Post-operative atrial fibrillation is an important complication after coronary bypass surgery. As inflammation and oxidative stress were makedly encountered in the etiology, high cholesterol was also defined to provoke atrial fibrillation. In this present study, the relationship between postoperative atrial fibrillation and preoperative serum lipid levels were evaluated.


A total of 100 patients, who were operated at the department of Cardiovascular Surgery of our hospital were included to the study analysis. Patients, who had preoperative atrial fibrillation, thyroid dysfunction, or left atrial dilatation (above 4.5 cm) were excluded from the study. Patients were divided into two groups with postoperative atrial fibrillation development (Group I n = 36), and without atrial fibrillation development (Group II n = 64). Preoperative routine blood analyses, ECG, echocardiography were evaluated. Patients were followed for atrial fibrillation development for one month starting from the intensive care unit at the postoperative period. Serum lipid profiles and thyroid function were measured. For homogenization of inflammatory factors and oxidative stress, treatments other than statins, betablockers, calcium channel blockers, aspirin, ACE inhibitors, and ARB were stopped for 10 days. Atrial fibrillation for at least ≥5 minutes in the intensive care unit was accepted as postoperative atrial fibrillation.
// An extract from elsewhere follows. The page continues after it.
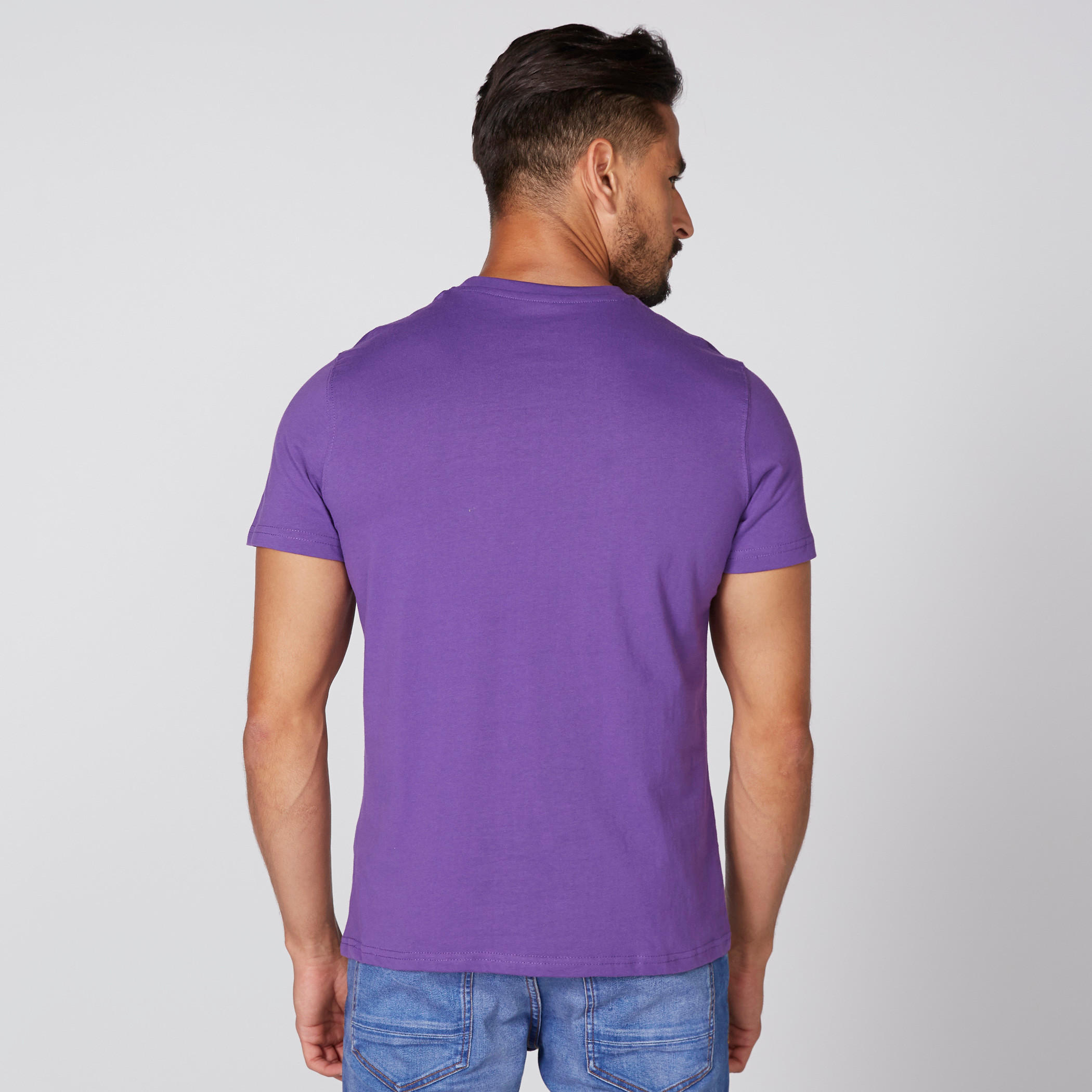 تيشيرت بياقة ضيّقة وأكمام قصيرة-men-clothing-tshirtsandpolos-tshirts-image-4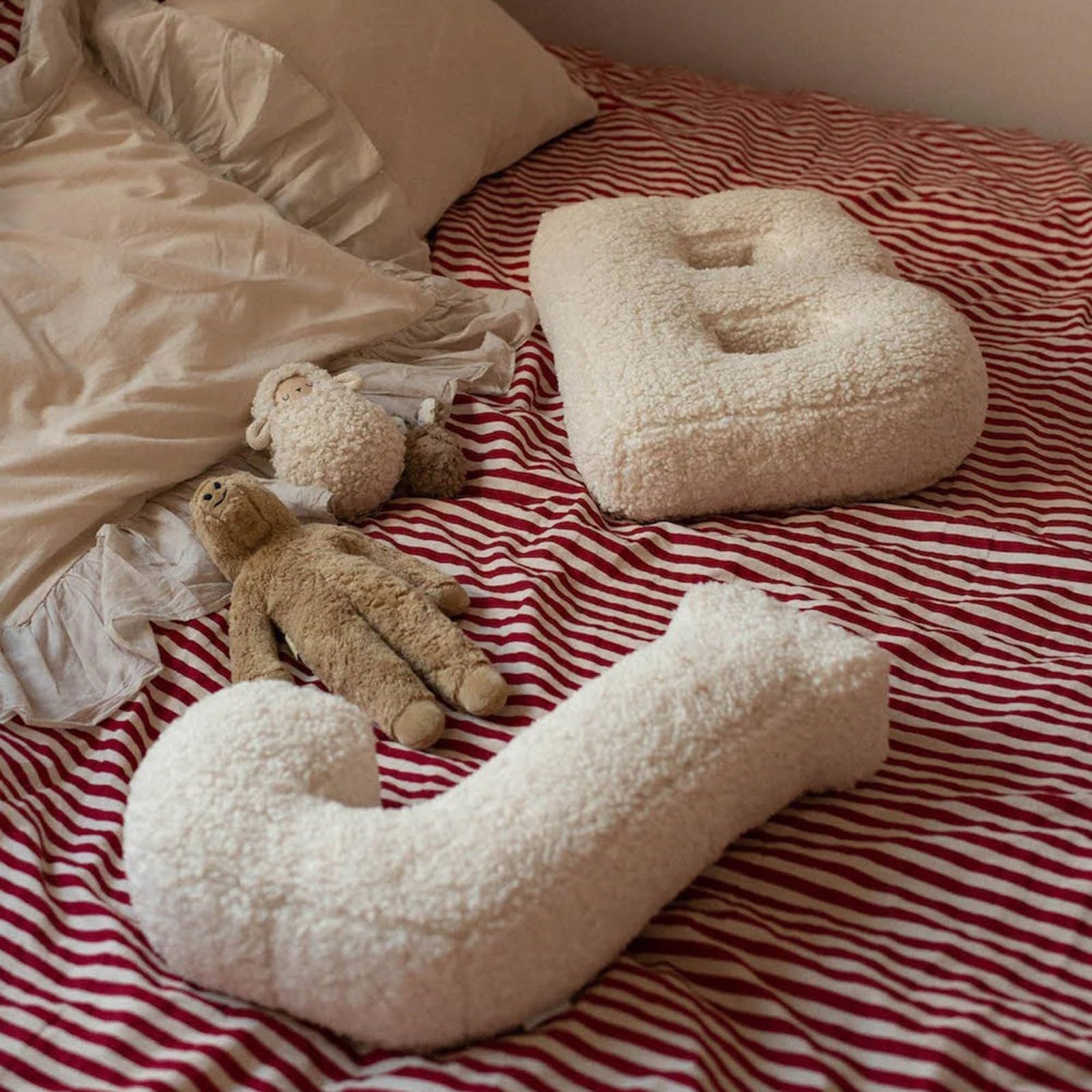 Coussin En Peluche Avec Lettres De L'alphabet - 30 X 38 Cm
Demographic data were similiar between groups (p > 0.05). There was no difference in TC levels between groups, whereas LDL-C levels were statistically lower in patients developing post-operative atrial fibrillation (106.67 ± 28.36 vs 118.75 ± 27.75; P < 0.05).


The more lowered is the LDL-C in the preoperative period, the more reduced risk of postoperative atrial fibrillation development. High levels of LDL-C in the preoperative period could be predictor of atrial fibrillation development in the post operative period.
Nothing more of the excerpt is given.